Any patient is much more likely to take the medication I’ve prescribed
if he believes it will really help. “Compliant” is the word
medical people have long used to mean that a patient follows our directions,
and “non-compliant” that he doesn’t. The concept of
compliance has lately fallen out of favor. Today, we health professionals
are supposed to use the word “adherence” because adherence
implies that the patient has actively decided to follow what’s prescribed,
as opposed to just passively complying.
There’s a large chunk of medical literature on the subject of patient
compliance/adherence. The rules derived from that research are mostly
common sense.
Keeping it simple is one factor. One study, based on pill counts and frequency
of refills, found that 94 percent of patients complied with a once-a-day
pill regimen whereas only 57 percent took all their medication if they
had to do so two or three times a day.
If they feel okay, getting someone to take pills for a lifetime may be
a tough sell. For example, mild elevations of blood pressure or of cholesterol,
both diseases that insidiously put wear-and-tear on arteries, may be wholly
asymptomatic until disaster strikes in the form of a stroke or of a heart
attack. It’s much easier to keep a severe asthmatic using her inhaler
for that disease because, if she forgets, her breathing may be significantly
worse in less than a day.
Money can pose a major obstacle to compliance. Annals of Internal Medicine
published a fascinating article this year which found, on reviewing a
large health plan’s detailed records of frequency of refills for
chronic medicines, that patients tended to comply better with low-copay,
tier 1, generic drugs than they did with tier 2, preferred name brands
with higher copays. Patients were least likely to take as directed the
most expensive tier 3, non-preferred brand name drugs.
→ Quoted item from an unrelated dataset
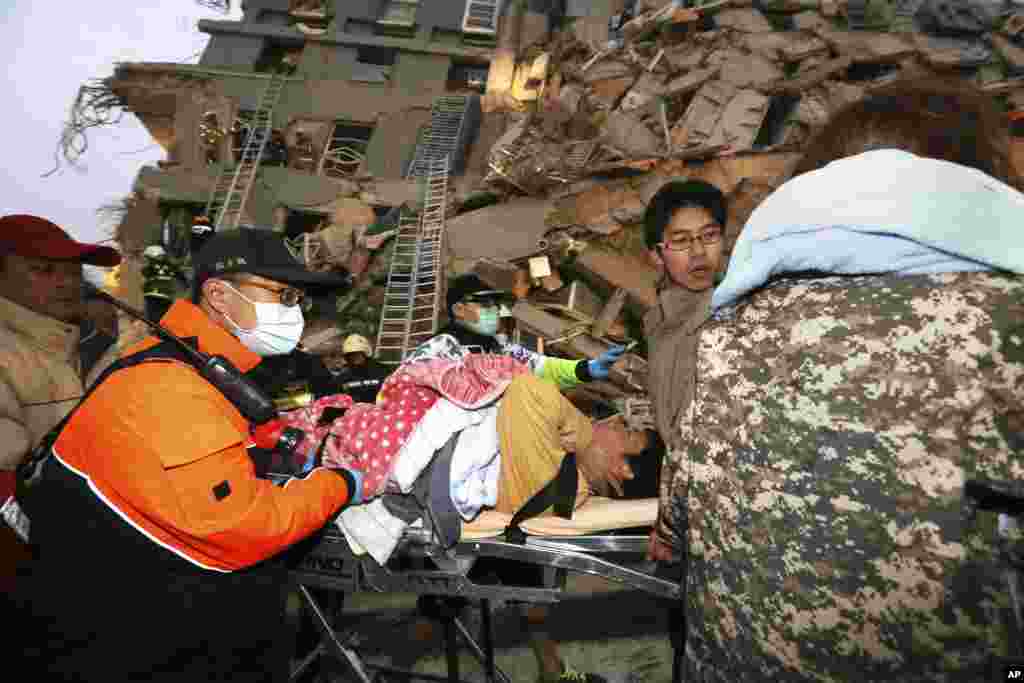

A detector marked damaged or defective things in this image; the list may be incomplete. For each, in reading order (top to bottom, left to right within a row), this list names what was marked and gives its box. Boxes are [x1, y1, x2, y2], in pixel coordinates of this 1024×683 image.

broken concrete slab [712, 7, 774, 32]
broken concrete slab [602, 112, 659, 157]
The researchers
chose to study classes of drugs in which the clinical performance of the
products was not significantly different from tier to tier.
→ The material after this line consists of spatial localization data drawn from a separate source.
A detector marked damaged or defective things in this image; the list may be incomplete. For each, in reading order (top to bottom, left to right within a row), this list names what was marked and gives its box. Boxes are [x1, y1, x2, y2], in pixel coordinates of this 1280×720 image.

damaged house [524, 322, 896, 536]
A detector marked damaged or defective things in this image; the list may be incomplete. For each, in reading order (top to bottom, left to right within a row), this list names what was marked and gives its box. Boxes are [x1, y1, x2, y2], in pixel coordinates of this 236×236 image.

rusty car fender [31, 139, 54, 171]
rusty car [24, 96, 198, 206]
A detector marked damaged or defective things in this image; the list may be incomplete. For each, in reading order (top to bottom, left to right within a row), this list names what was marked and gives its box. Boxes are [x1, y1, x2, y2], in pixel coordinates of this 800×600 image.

My dilemma, as a busy practicing doctor, is to know which formulary my
patient’s insurance plan adheres to and to do my best to comply
with it. The little Palm Pilot computer that I carry in my pocket, loaded
with ePocrates drug information software, sometimes clues me in to which
drug will be cheapest based on a patient’s particular health plan.
More often than not, either we get a call from the pharmacist with a request
to change to a lower tier drug or I find out at the next visit that the
patient simply didn’t take what I’d prescribed because it
cost too much.
Compliance may even be a good thing in itself, not just because the patient
takes the prescribed medication. A fascinating study published last year
in Lancet looked at the effect of a drug called candesartan in treating
pump trouble (congestive heart failure). This was a placebo-controlled
study, in which half of the subjects received the actual drug and the
other half an inactive dummy pill. When the statisticians analyzed the
data, they found that patients who received candesartan were 10 percent
less likely to die than those who got the placebo. That's pretty significant,
though not exactly earthshaking, because candesartan belongs to a class
of similar drugs that we already know are good for pump trouble.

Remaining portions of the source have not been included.